**WHAT THE TASK REQUIRES:**
What you write must be the lines from the one holding "Condition! - photo 5" through the final line of the records below, reproduced exactly, minus the pictures.

Top of RECORD SET

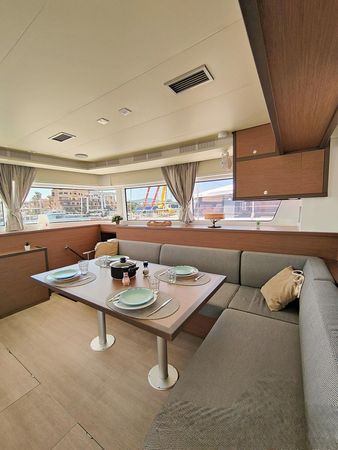 Lagoon 52 F | Zanzibar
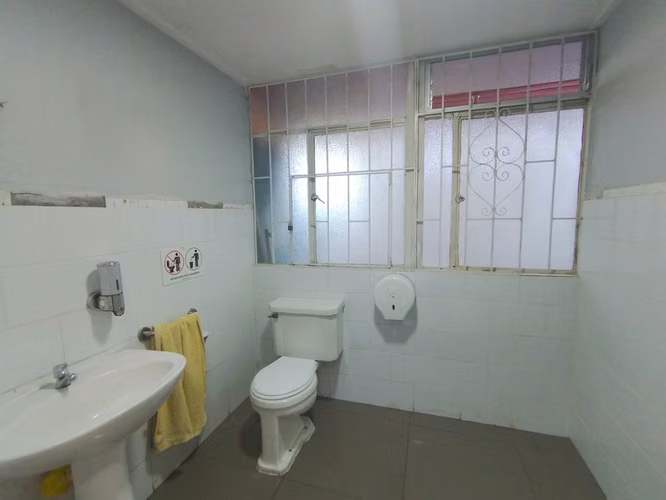 CASA COMERCIAL CON 3 PRIVADOS Y 3 BAÑOS – VILLA ALEMANA - Imagen 11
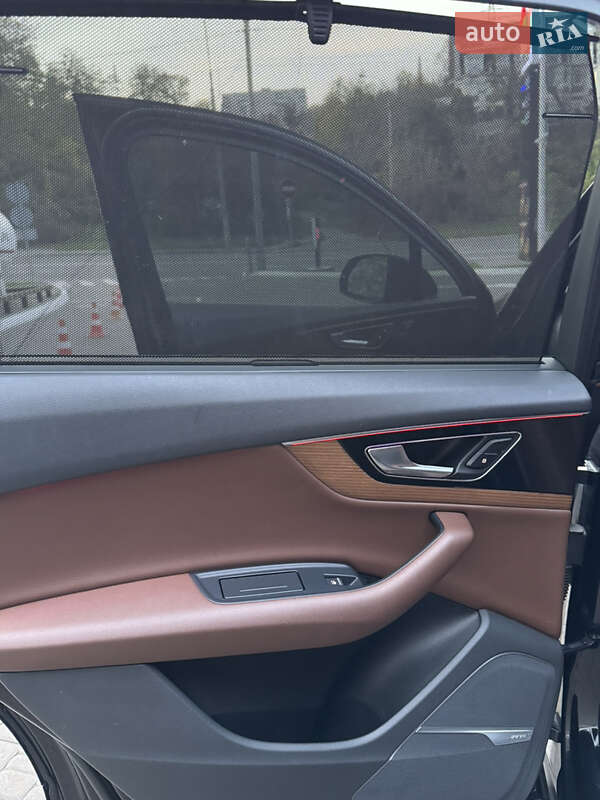 Позашляховик / Кросовер Audi Q7 2016 в Києві фото 61 Позашляховик / Кросовер Audi Q7 2016 в Києві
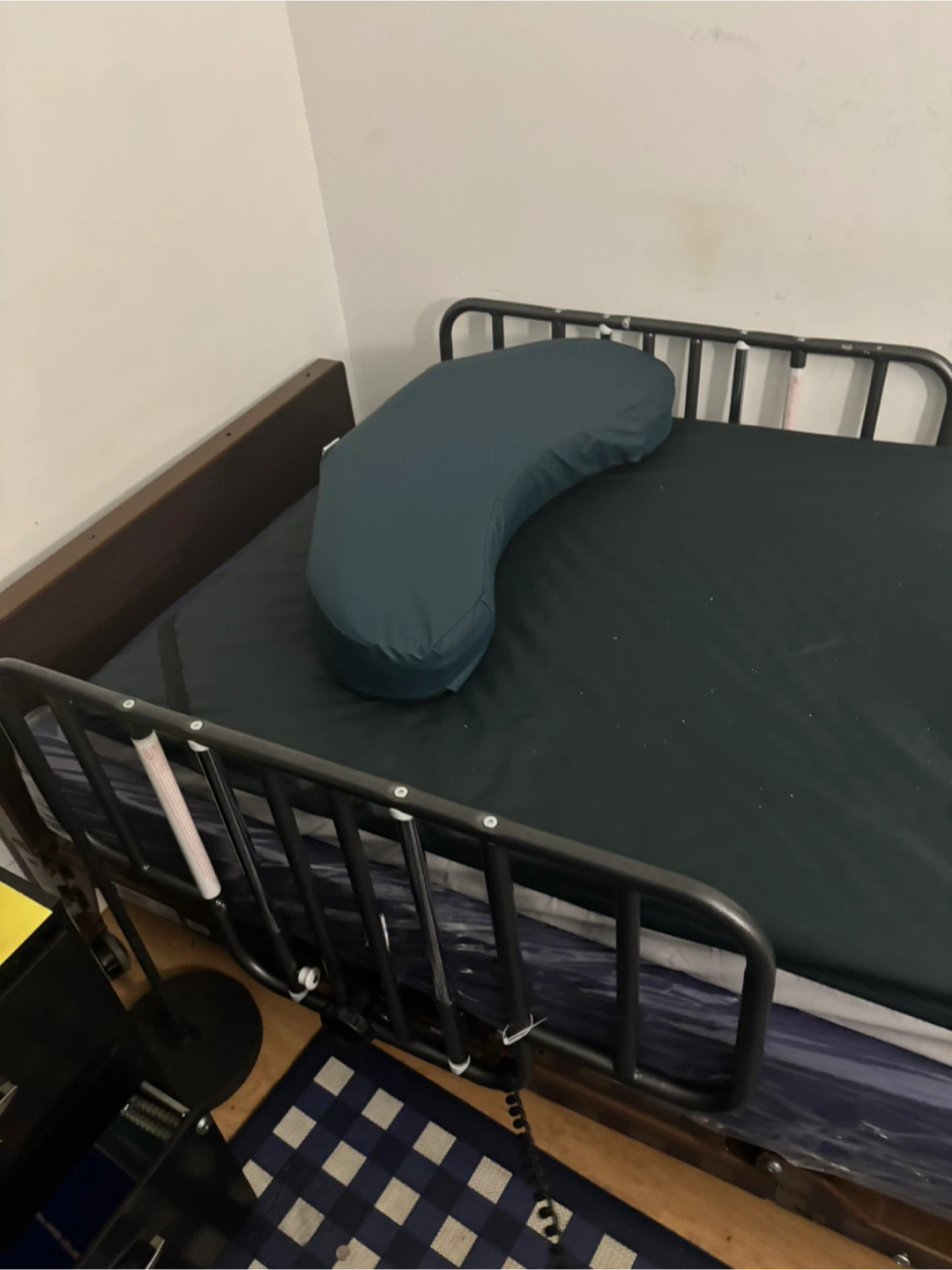 🛏️ Twin Hospital Bed for Sale – Excellent Condition! - photo 5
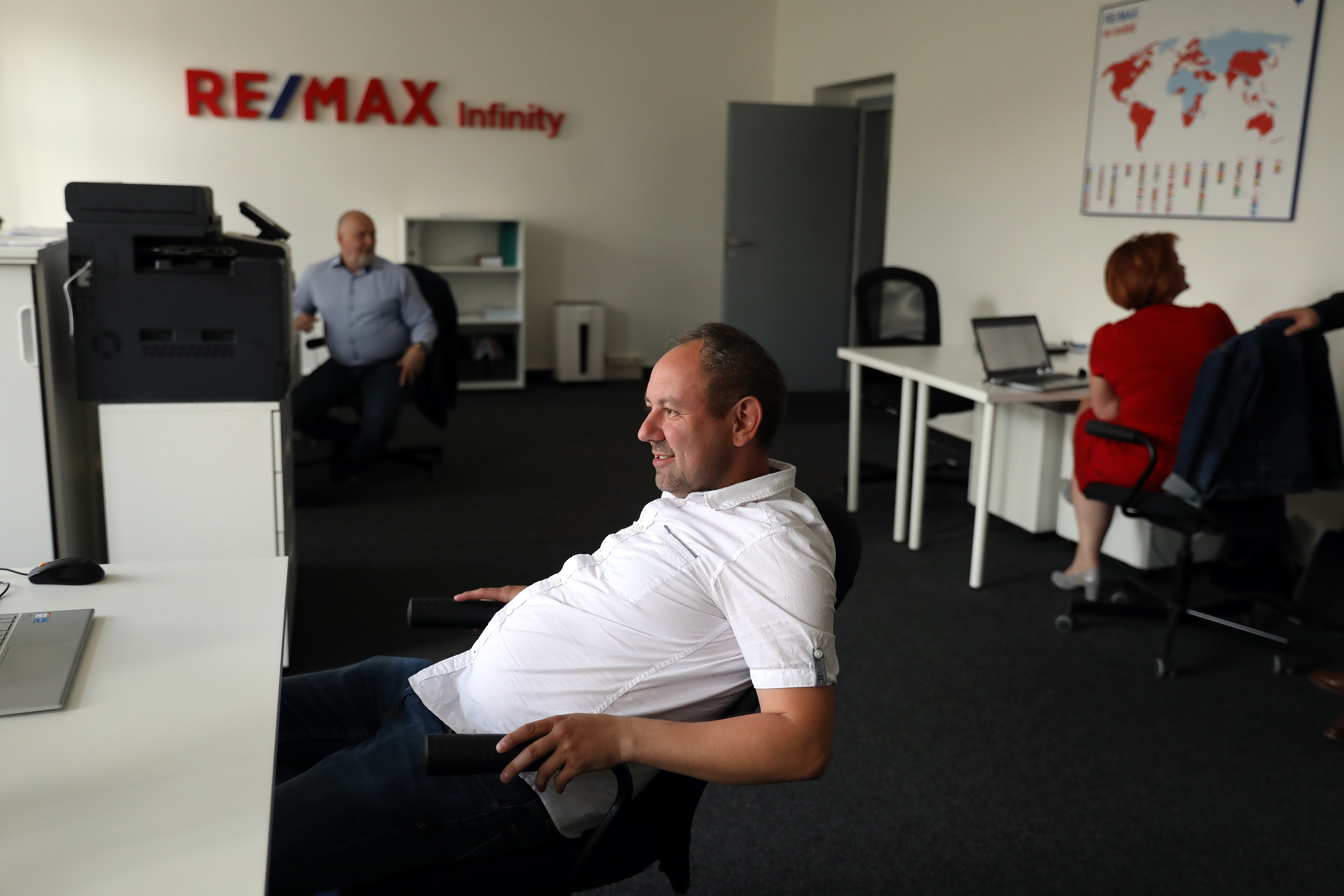 RE/MAX Infinity foto 2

Bottom of RECORD SET

**PROBLEM SOLUTION:**
 🛏️ Twin Hospital Bed for Sale – Excellent Condition! - photo 5
 RE/MAX Infinity foto 2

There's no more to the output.